Will pytorch native mixed precision training be slower than apex when there are multi-losses?

Hi,

A simplified version of my training pipe line is like this:

import torch.cuda.amp as amp

scaler = amp.Scaler()

optim.zero_grad()
with amp.autocast(enabled=True):
    logits1, logits2, logits3 = model(imgs)
    loss1 = criteria(logits1, labels)
    loss_aux = [criteria(logits2, labels), criteria(logits3, labels)]   
    loss = loss1 + sum(loss_aux)
scaler.scale(loss).backward()
scaler.step(optim)
scaler.update()

While the apex version is like this:

from apex import amp

optim.zero_grad()
logits1, logits2, logits3 = model(imgs)
loss1 = criteria(logits1, labels)
loss_aux = [criteria(logits2, labels), criteria(logits3, labels)]   
loss = loss1 + sum(loss_aux)

with amp.scale_loss(loss, optim) as scaled_loss:
    scaled_loss.backward()
optim.step()

I am using pytorch 1.6.0 with python3.6.9 on ubuntu 16.04 (docker container) with cuda 10.1.243/cudnn7.

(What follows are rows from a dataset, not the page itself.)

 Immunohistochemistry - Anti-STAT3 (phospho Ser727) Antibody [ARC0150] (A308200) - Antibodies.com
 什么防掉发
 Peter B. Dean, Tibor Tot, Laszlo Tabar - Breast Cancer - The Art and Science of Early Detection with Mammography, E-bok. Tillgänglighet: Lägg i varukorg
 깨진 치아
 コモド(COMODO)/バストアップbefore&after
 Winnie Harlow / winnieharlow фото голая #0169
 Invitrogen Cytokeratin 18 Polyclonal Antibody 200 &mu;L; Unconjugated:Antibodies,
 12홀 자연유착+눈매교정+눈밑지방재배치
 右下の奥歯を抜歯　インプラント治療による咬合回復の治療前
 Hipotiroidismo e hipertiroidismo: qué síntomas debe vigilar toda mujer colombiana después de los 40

There are two things that I feel puzzled:
The first one is that I received a warning like this:

/miniconda/envs/py36/lib/python3.6/site-packages/torch/optim/lr_scheduler.py:123: UserWarning: Detected call of `lr_scheduler.step()` before `optimizer.step()`. In PyTorch 1.1.0 and later, you should call them in the opposite order: `optimizer.step()` before `lr_scheduler.step()`.  Failure to do this will result in PyTorch skipping the first value of the learning rate schedule. See more details at https://pytorch.org/docs/stable/optim.html#how-to-adjust-learning-rate
  "https://pytorch.org/docs/stable/optim.html#how-to-adjust-learning-rate", UserWarning)

though I am sure I called the lr_scheduler after the scaler.step(optim), and when I set enabled=False to autocast(enabled=False), there will not be this warning.

The second is that the pytorch native version is much slower than the apex version. When I use autocast of pytorch, the training time for 100 iter is 110s, and when I use apex, the training time is around 80s.

Is there any problem with my usage of this new feature and how could I solve the problem ?

The learning rate scheduler warning might be raised, if the gradients contained invalid values and the optimizer.step() was thus skipped.

Which opt_level in apex are you using and did you use the same CUDA and cudnn versions for the comparison?

Thanks for replying!! I am using apex O1 opt level, and yes I tried the new pytorch 1.6 feature on the same platform as the original apex codebase. The pytorch native fp16 training is slower than the apex based fp16 training.

Could you update to the CUDA10.2 binaries (which would ship with cudnn7.6.5.32) and post the general model architecture? You don’t need to post the exact model, if that wouldn’t be possible, but a “similar” architecture would be sufficient.

Hi,

I am happy that you would like to review my code. I created a docker image, and you can see my problem by pulling and running it:

$ docker pull coincheung/debug_zzy:first
$ nvidia-docker run -it --ipc=host coincheung/debug_zzy:first bash

To reproduce the apex training, the command is:

# cd /debug/bisenetv2
# CUDA_VISIBLE_DEVICES=6,7 python -m torch.distributed.launch --nproc_per_node=2 train.py

And in order to switch to the pytorch native fp16, the command is:

# cd /debug/bisenetv2
# CUDA_VISIBLE_DEVICES=6,7 python -m torch.distributed.launch --nproc_per_node=2 train_amp.py

On my platform, the training time of apex is around 85s/100iter, and the pytorch native fp16 traing time is around 115s/100iter.